## EXERCISE DIRECTIONS
Please return all of the material exactly, with no line missing.

**********

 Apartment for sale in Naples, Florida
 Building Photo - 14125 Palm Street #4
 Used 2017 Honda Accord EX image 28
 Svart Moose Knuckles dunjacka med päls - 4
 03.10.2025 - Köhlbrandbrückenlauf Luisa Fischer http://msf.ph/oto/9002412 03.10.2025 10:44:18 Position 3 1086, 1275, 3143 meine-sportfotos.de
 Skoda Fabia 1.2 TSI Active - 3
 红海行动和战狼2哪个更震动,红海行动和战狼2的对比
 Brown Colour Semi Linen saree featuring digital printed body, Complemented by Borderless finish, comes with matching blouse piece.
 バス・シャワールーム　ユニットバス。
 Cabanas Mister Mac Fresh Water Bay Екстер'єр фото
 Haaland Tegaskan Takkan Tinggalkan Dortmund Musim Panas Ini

**********

## WORKED SOLUTION
 Apartment for sale in Naples, Florida
 Building Photo - 14125 Palm Street #4
 Used 2017 Honda Accord EX image 28
 Svart Moose Knuckles dunjacka med päls - 4
 03.10.2025 - Köhlbrandbrückenlauf Luisa Fischer http://msf.ph/oto/9002412 03.10.2025 10:44:18 Position 3 1086, 1275, 3143 meine-sportfotos.de
 Skoda Fabia 1.2 TSI Active - 3
 红海行动和战狼2哪个更震动,红海行动和战狼2的对比
 Brown Colour Semi Linen saree featuring digital printed body, Complemented by Borderless finish, comes with matching blouse piece.
 バス・シャワールーム　ユニットバス。
 Cabanas Mister Mac Fresh Water Bay Екстер'єр фото
 Haaland Tegaskan Takkan Tinggalkan Dortmund Musim Panas Ini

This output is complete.